Tempos atrás li que a China iria  fazer um grande recenseamento e que necessitaria de  6 milhões de recenseadores. Um número fantástico, Aqui no Brasil, de anos em anos, o IBGE faz seu recenseamento. No início dos anos 80, escrevi esta crônica bem humorada sobre uma possível entrevista aqui em nosso país.

As desventuras
de um pesquisador
Era a primeira entrevista que iria fazer para o censo, encomendado pelo IBGE, de modo que deveria tomar nota de tudo e fazer uma boa e profunda pesquisa. A casa, escolhida aleatoriamente (para quem não é do ramo, significa ao acaso), era simples, mas condizente com o respeito humano. Tocou a campainha. (Anotou: “campainha”, pois nem toda casa tem uma.) Atendeu um senhor negro já de meia idade.
- O senhor é o dono da casa?
_Mais ou menos- retrucou. –Moro aqui com minha família, mas, como estou pagando a casa para a Caixa, acho que a casa é dela, e não minha.
“Ih!”, pensou com os seus botões. “Já vai começar a confusão.”
-Sou do IBGE, e estamos fazendo uma pesquisa para ver como é a família brasileira.
-Vamos entrar, vamos entrar- convidou o homem, solícito. -Sente-se.
-Obrigado. São quantas as pessoas que vivem aqui?
-Depende. Se for de dia, somos quatro. Se for à noite, são seis. Se for durante o dia e durante a noite, são seis.
-Não estou entendendo.
-Eu já explico “seo” moço. De dia moramos eu, a muiê e dois filhos pequenos. Os outros quatro filhos maiores trabalham em fábricas (quando não estão fazendo greve). À noite, eles vêm para casa, e eu e a muiê saímos para trabalhar: ela, como enfermeira no hospital; eu, como guarda noturno.
-Aqui pede para perguntar sobre a cor da pele, mas não é preciso que eu estou vendo que o senhor é negro. Assim sendo todo mundo é negro.

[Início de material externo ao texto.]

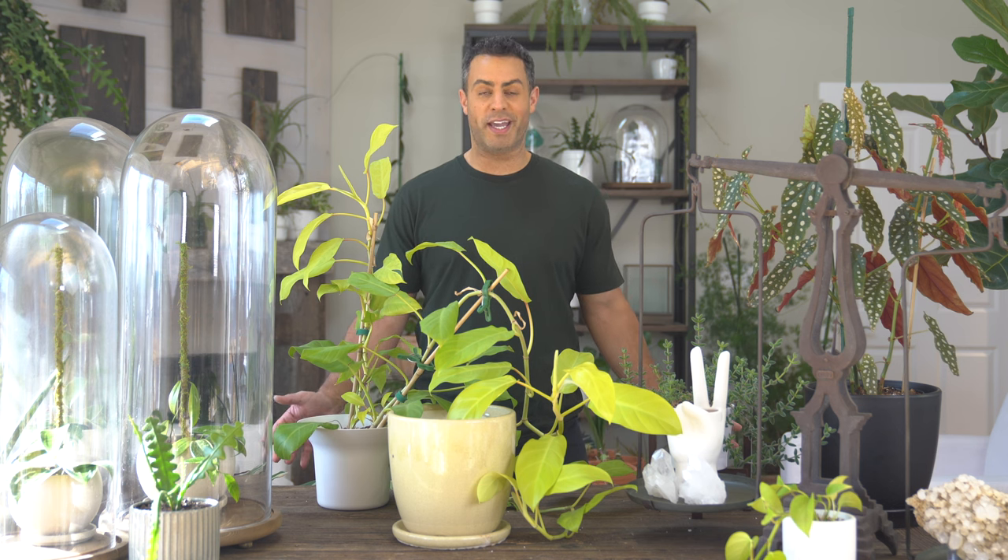Alright guys, I absolutely love my Philodendron Golden Goddess — this thing is growing like a weed, which is completely amazing. It just keeps on growing, keeps on giving.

-Aí que o “seo” mocinho se engana. Eu sou negro, a muié é branca. Uma filha é mulata, igual aquelas das Escolas de Samba do Rio (ah, que delícia!), um filho é moreninho, outro é pardo, dois são pretinhos e um é meio branquinho, que nem a Xuxa.
-E o cabelo?
-O meu é pixaim. Ocê tá vendo. O da muié é liso e meio avermelhado. O da filha é liso, bom e grande. Dos filhos, tem um que é meio louro, outro é pixaim, o outro é liso, um é crespo e o último ainda não sei, porque ele ainda tá novo, novinho mesmo.
-E a religião?
-Bem, nós todos somos católicos. Vamos à missa na época do Natal, no Dia dos Mortos e um ou outro domingo. De vez em quando, damos uma chegada ao centro espírita. Uma ou outra sexta-feira, a gente dá um pulo no terreiro, pois uma macumbazinha de vez em quando até que é bom. A minha filha, a mulatinha, lembra? , ela frequenta uma religião meio japonesa.
-Situação econômica.
-Não é das melhores, né, filho, mas vai-se levando. Juntando tudo, dá para a gente tirar uns trocadinhos por mês. Quem mais ganha é a menina, a mulatinha, que até faz umas horas extras à noite (já proibi, mas ela falou que gosta). O emprego dela é muito bom. O pessoal vem buscar ela de carro. Já pensou?
-Tô pensando... E a escolaridade?
-Eu num tenho estudo. Aprendi na escola da vida. A muié fez até o 2 º ano. Os outros não passaram do 4º ano, menos...
-A mulatinha.
-Isso mesmo. Como é que o senhor adivinhou? Ela ganhou uma bolsa de estudos, mas só tem uma aula por semana, justamente quando o pessoal vem com o carro aqui para levar ela.
-E a cor dos olhos?
-Os meus são pretos. Da mulher, azuis. A filha tem olhos verdes. Os meninos têm olhos castanhos e aquele que tem cabelo de fubá tem também olhos azuis. Ei, onde ocê vai moço? Não vai fazer mais pergunta? Nem anotar nada?
-Não - respondeu o outro. – assim não dá. Cada um tem uma cor de olhos, de cabelo, de religião, de emprego e de escola. Queria ser pesquisador na Alemanha; todos de cabelos louros e olhos azuis.
O IBGE acabou perdendo um pesquisador. Mas, também onde se viu pesquisar no Brasil?